Work required.
Your answer must be the exact lines from the one holding "Ipswich Town V" through the end of the entries, with no pictures.

*** Opening Material supplied ***

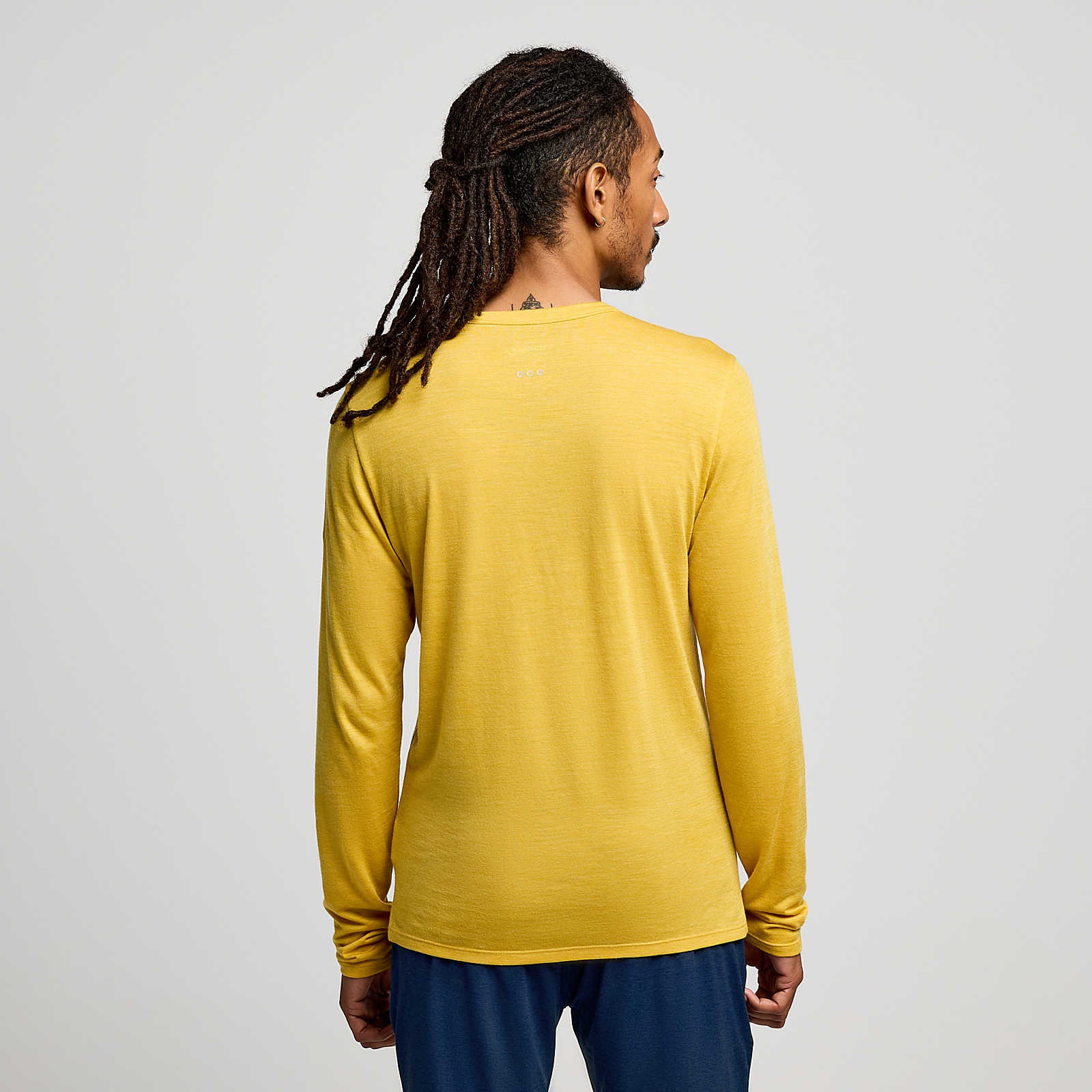 Peregrine Merino Long Sleeve - 2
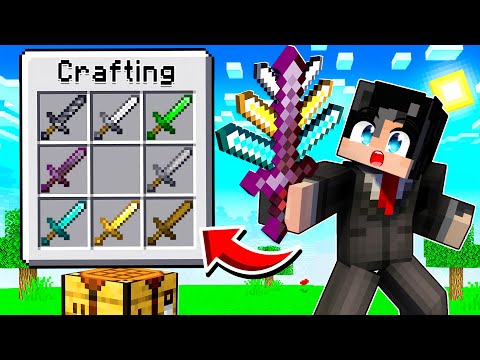 Insane Minecraft SWORD Power - Clyde's Charge!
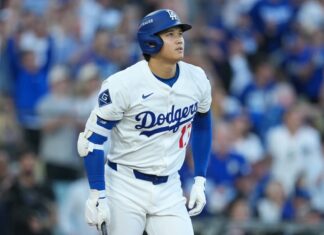 MLB playoffs 2025: Shohei Ohtani named NLCS MVP after 3 HRs, 10 Ks in all-time Game 4 performance – Yahoo Sports MLB playoffs 2025: Shohei Ohtani named NLCS MVP after 3 HRs, 10 Ks in all-time Game 4 performance - Yahoo Sports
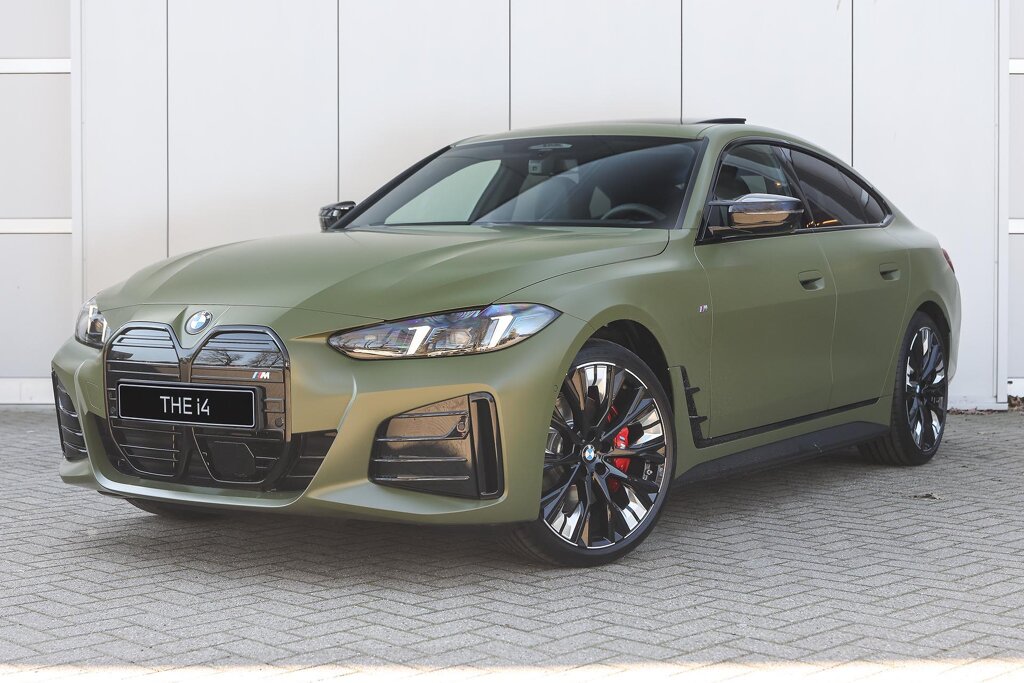 BMW i4 1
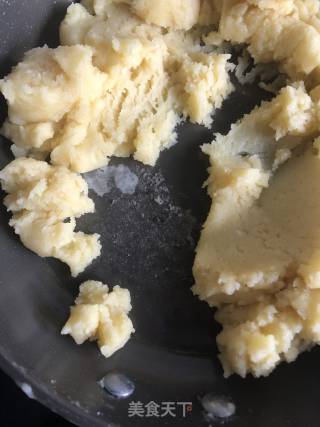 闪电泡芙的做法步骤：5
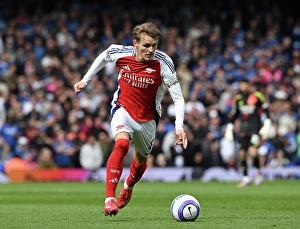 Ipswich Town V Arsenal 2024-25 Prints: Ipswich Town FC v Arsenal FC - Premier League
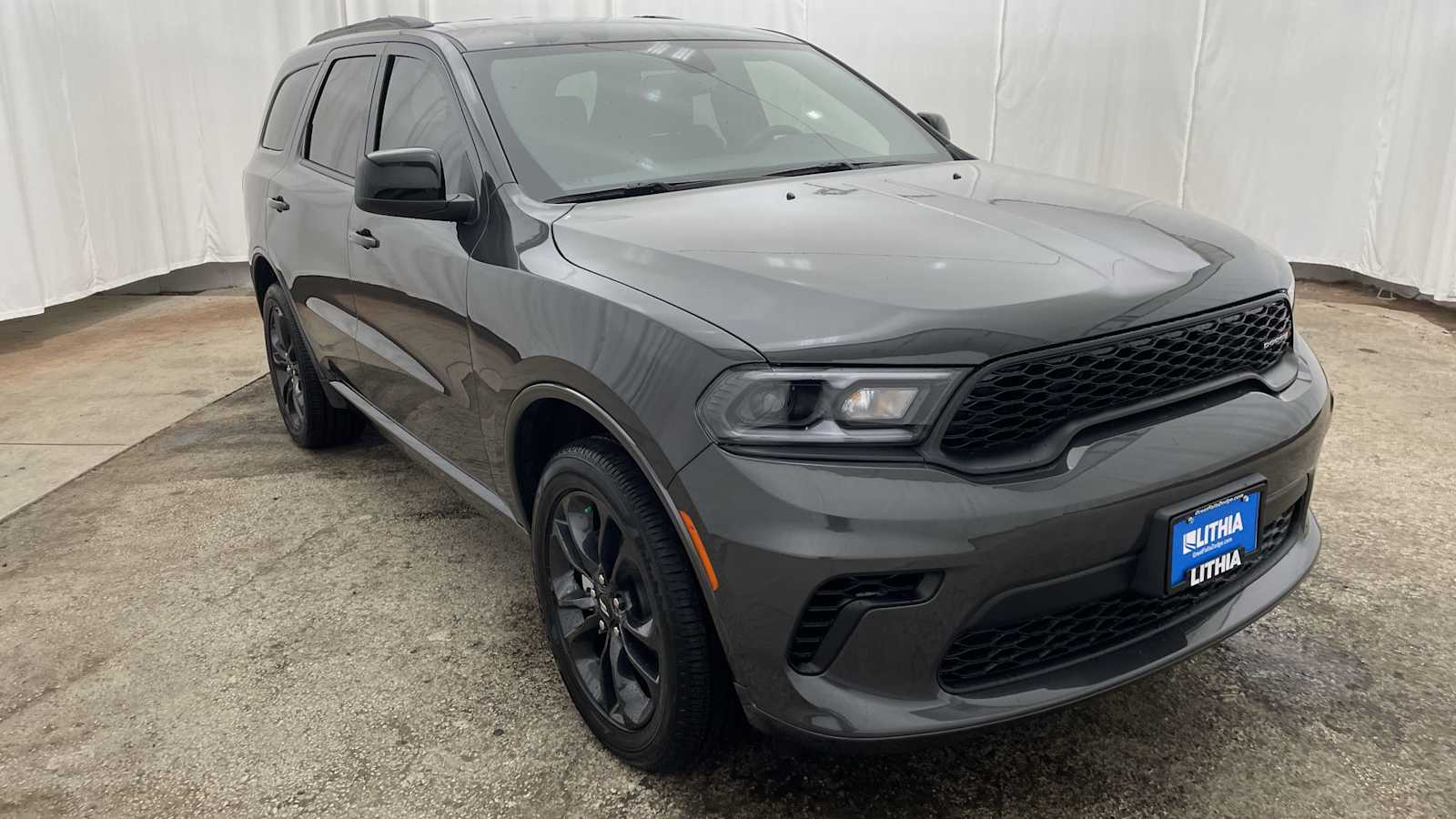 Thumbnail: 2026 Dodge Durango - 37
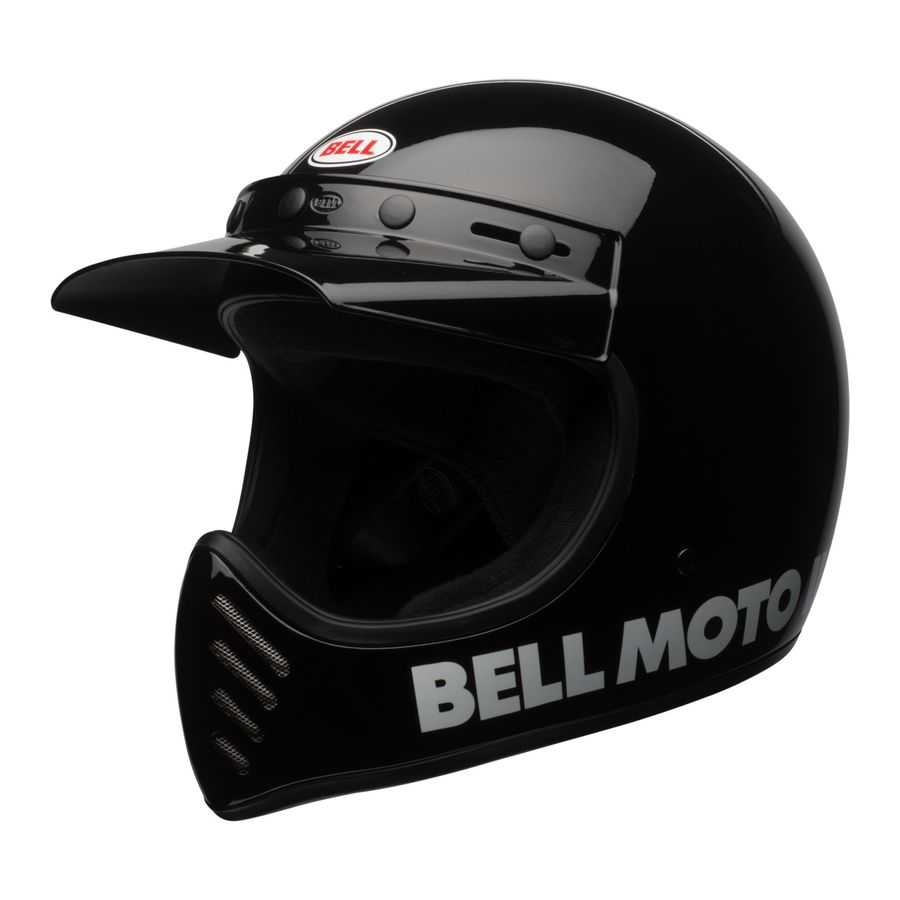 Bell - Casque Integral Moto-3
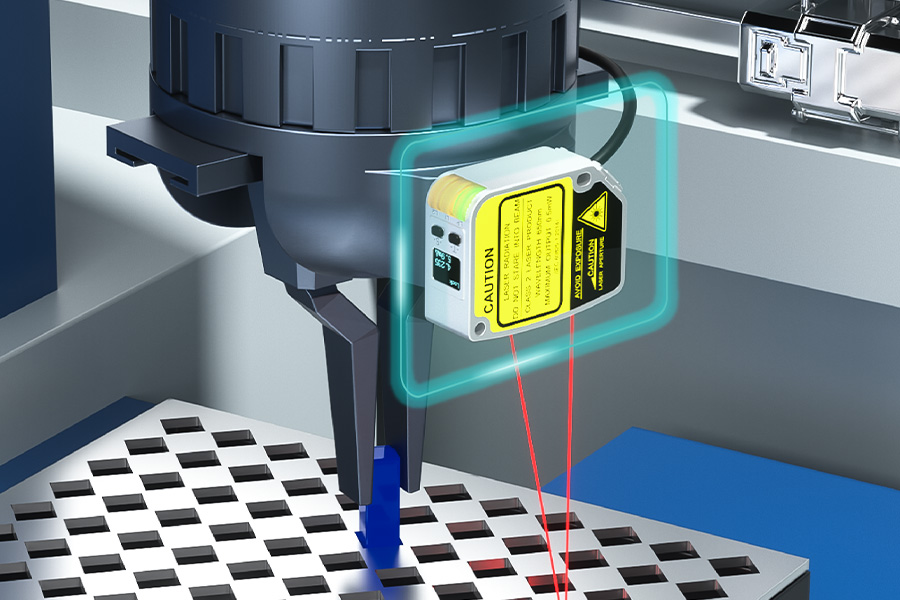 FSD11 Series Laser Distance Measuring Sensor: Accurate Distance Measuring, Enabling a New Era of Ind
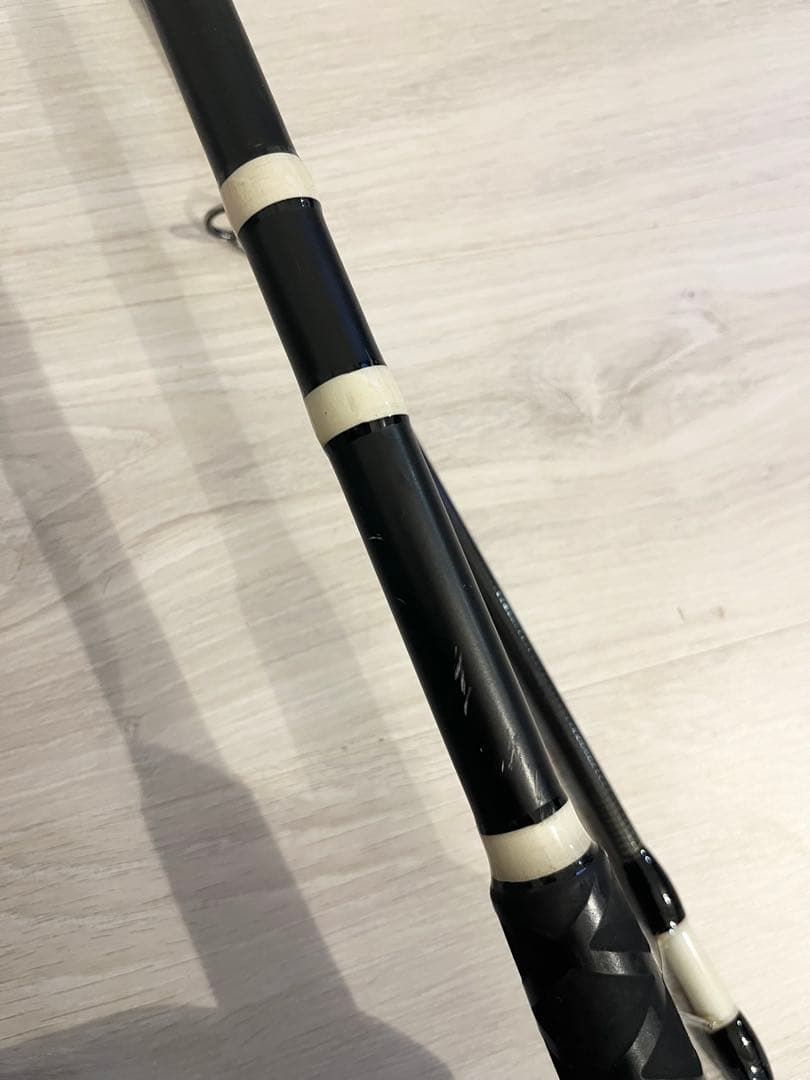 影竿オスカーコンペティション106hhh
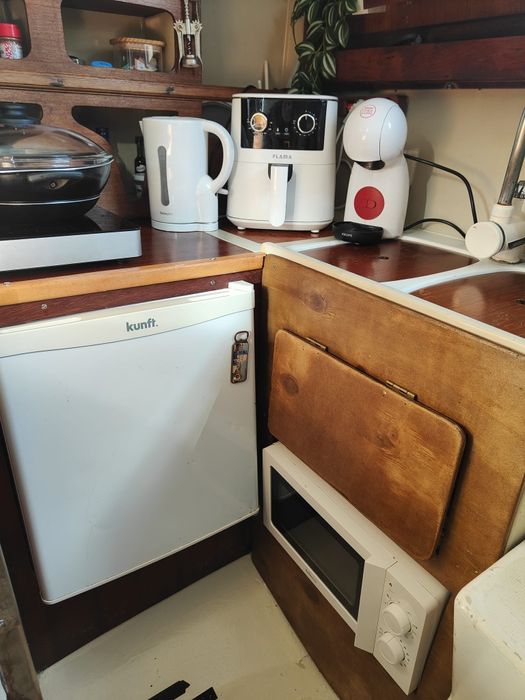 Veleiro Jouet 32  Parque das nações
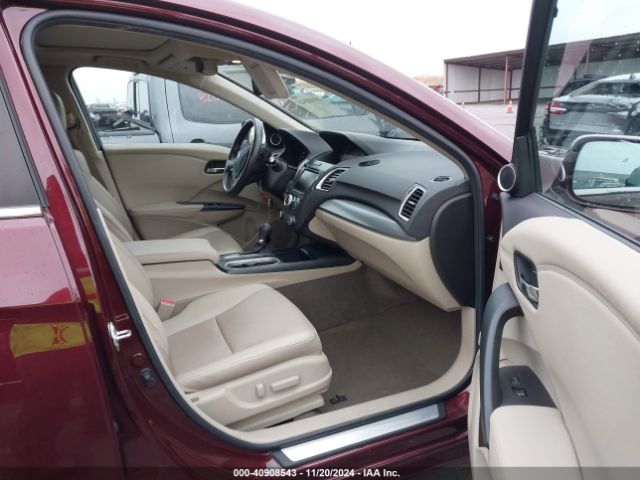 5J8TB4H78JL023009 Acura Rdx Advance Package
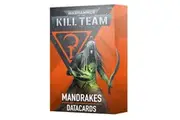 Warhammer 40K Kill Team Mandrakes Datacards 103-78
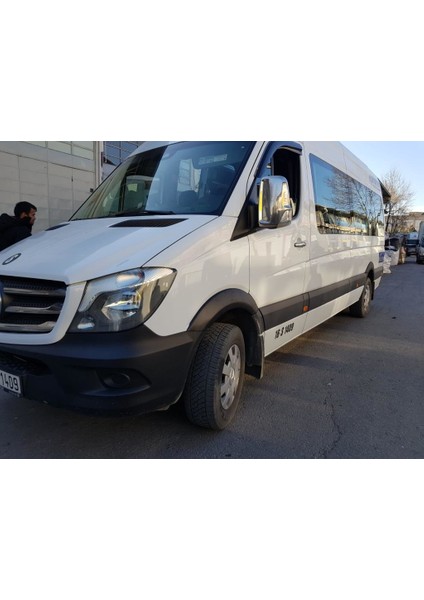 Mercedes Sprinter Çamurluk Kaplama Dodik Seti 2006 2018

*** Closing Material supplied ***

Exercise output.
 Ipswich Town V Arsenal 2024-25 Prints: Ipswich Town FC v Arsenal FC - Premier League
 Thumbnail: 2026 Dodge Durango - 37
 Bell - Casque Integral Moto-3
 FSD11 Series Laser Distance Measuring Sensor: Accurate Distance Measuring, Enabling a New Era of Ind
 影竿オスカーコンペティション106hhh
 Veleiro Jouet 32  Parque das nações
 5J8TB4H78JL023009 Acura Rdx Advance Package
 Warhammer 40K Kill Team Mandrakes Datacards 103-78
 Mercedes Sprinter Çamurluk Kaplama Dodik Seti 2006 2018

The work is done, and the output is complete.